Some asked if I did commissions. “If someone asks and they understand that time is money.”
Then they said “spiderweb.” They had my attention. That’s a negative space project where what you don’t draw is more important than what you do draw.
I went looking for a video to see how other people might be handling it but found nothing. Tried looking for pen and ink examples from professionals and also came up empty. I have found a hole in the internet. I hate holes in the internet.
Rough draft to prove out some concepts. I learned a few things from this and will use them on a second draft. I might have to go bigger and darker to get it right. And it needs more foreground. But it’s a fully finished rough, so I have that going for me. Which is something.
If you know of high skill examples or have any suggestions I want them in the comments.
Have you tried seeing if any tattooerists have info out there? Spiderwebs don’t seem to be a super rare tattoo. Maybe there’s something helpful there.
I know one I can ask. Good idea because there is a direct parallel to not being able to use a second medium.
I love the idea of using negative space this way.
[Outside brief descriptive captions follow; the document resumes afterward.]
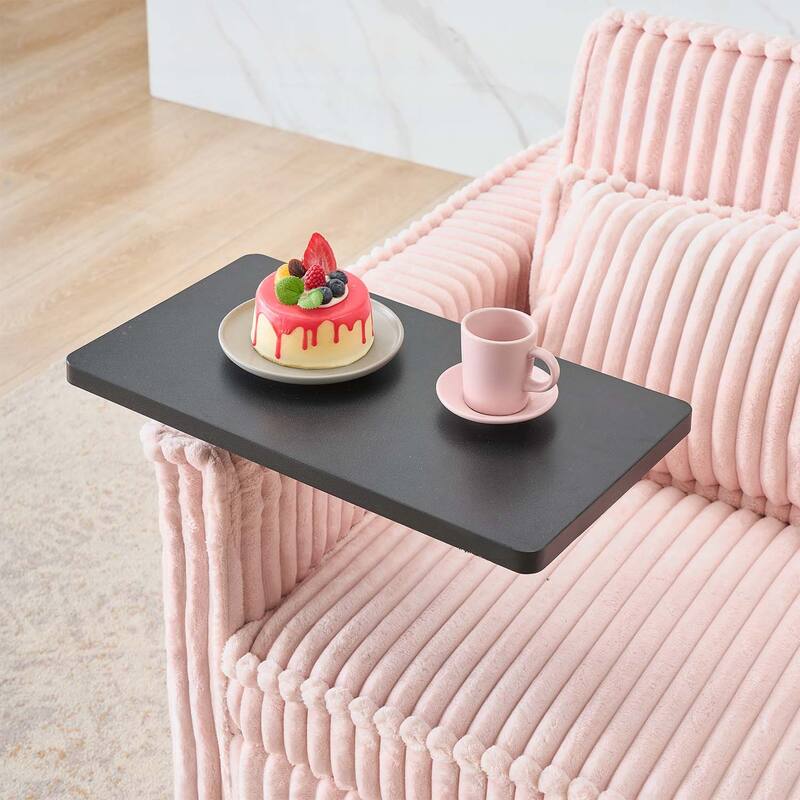 Pull-Out and Push-In Sofa with Movable Tabletop and USB Ports, Ideal for Living Rooms and Bedrooms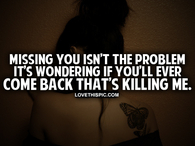Wondering If Youll Come Back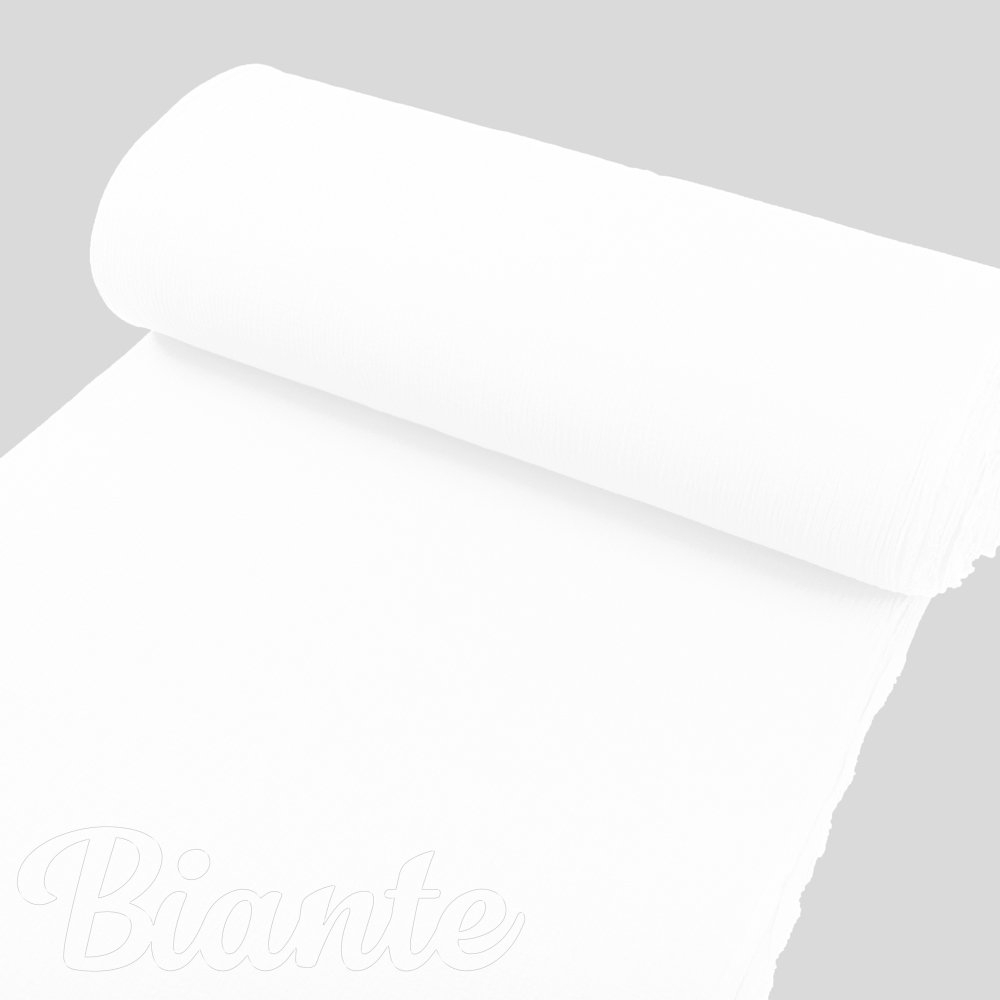 Mušelín dvojitá gázovina MSN-079 Snehově bílá - metráž šířka 140 cm - detail 2 - Biante.cz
It would be amazing if you could add more dimensionality to the background, increase the sense of perspective being the negative space so that the foreground objects create a sense of nearness.
Also, what is the web is attached to? What are the anchor points above? It’s unclear if the web is in a window or attached to plants in the garden.
I assumed it’s attached to taller plants.
I’m planning to dramatically increase the amount of foreground to bigger things taking up maybe 20% of the whole thing.
I think increasing the details of the background will require me to upsize the whole thing from 5.5 x 8.5 to a larger paper. Otherwise the lines have to be placed too close together over multiple windows through the web that the results won’t be different from what I have here or they will frame the windows too much defeating the negative space idea. Foreground pens are 05 to 08, background is 005 to 2. The page size is just top small for the background to be detailed without it looking like misplaced foreground at this scale.
That makes sense. If there are plants above, consider framing a bit of them in for the final version, or change the web layout to match what’s there. Spiders make do with all sorts of wonky areas, after all!
Again, I really love what you’re doing here, I hope you’ll post more.
Draw everything normally then use a white pain pen for the web
I explicitly want to avoid using anything but black ink and white paper. I want a clean finished product.
Maybe you could find a way to cut thin strips of masking tape for the web so that you could render the background and then remove the mask?
I did consider that but tape would catch the pen tip causing all kinds of artifacts. I considered maybe using a high gloss board and painting the web in a thin wax. Then melt the wax off when done. But the wax would have to be almost plastic in hardness to avoid gumming the pen tip. And that would create both a nightmare for application and removal.
But I like that you are pondering it.
Still trying to nail it.
Latex masking fluid is likely one solution for preserving negative space in this type of drawing.
Latex would trip up a pen tip. It would work fine for markers or brushes though.